No colony after ligation - (May/03/2006 )
I moved into a new lab weeks ago, I tried to construct vectors but no colony at all(even no background colony) after the ligation. So I tried to do self-ligation but also failed(single enzyme cut, recover from gel and ligate ON at 16C). My competent cells can be transformed by plasmids and TA vector(ligation-free), but not the ligation. I thought it shoud be the problem of ligation. I run a gel to check the ligation products and it looks good. I tried different ligase from 2 to company(invitrogen and NEB), they were same.
I've done a lot vector before, I don't know what's wrong I made in the new lab. Any suggestion would be appreciated.
what kind of efficiency are you getting with your transformation controls? supercoiled plasmid transforms at some crazy high efficiency....perhaps your ligation product is just transforming at a much lower efficiency and that is why it's not working.
Thanks for your reply.I use electroporation competent cells and one-tenth of my transformed cells can get more than 1000 colonies.I think it is enough for the ligation transformation. By the way, the colonies grow slower than normal ones, but I can get the plasmid from them. ......??
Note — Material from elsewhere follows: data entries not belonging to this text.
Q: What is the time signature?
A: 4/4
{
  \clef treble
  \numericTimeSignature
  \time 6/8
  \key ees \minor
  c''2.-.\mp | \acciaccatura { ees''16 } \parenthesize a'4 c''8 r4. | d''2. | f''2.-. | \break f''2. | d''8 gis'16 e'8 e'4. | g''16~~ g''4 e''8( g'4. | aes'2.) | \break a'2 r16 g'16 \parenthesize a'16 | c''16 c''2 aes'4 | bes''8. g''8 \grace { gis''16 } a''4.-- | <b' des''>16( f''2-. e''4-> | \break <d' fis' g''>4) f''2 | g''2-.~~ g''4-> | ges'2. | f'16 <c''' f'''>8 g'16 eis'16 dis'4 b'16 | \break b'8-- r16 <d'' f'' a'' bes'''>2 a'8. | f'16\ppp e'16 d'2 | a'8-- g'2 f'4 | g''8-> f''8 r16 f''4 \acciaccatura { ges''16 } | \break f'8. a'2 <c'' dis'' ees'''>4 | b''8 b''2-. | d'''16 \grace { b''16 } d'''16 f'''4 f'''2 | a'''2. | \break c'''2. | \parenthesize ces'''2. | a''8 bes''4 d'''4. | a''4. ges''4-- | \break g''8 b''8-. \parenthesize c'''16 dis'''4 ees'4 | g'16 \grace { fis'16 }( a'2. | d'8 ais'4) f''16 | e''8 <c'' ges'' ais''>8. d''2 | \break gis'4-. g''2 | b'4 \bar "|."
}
how much slower? perhaps there is too much antibiotic in your media?
20-24-hrs growths is as same as the normal O.N gowth(13-15). For Kan, I use 50ug/ml.
that sounds OK, although I think you can use a little less, 50 should still be all right
are you dialyzing or otherwise removing impurities from your ligation mix prior to electroporation?
are you dialyzing or otherwise removing impurities from your ligation mix prior to electroporation?
Thanks, I inactive the ligase in 65C and treat by chloroform before electroporation, this is the standard procedure I followed each time. I also did a control using the plasmid.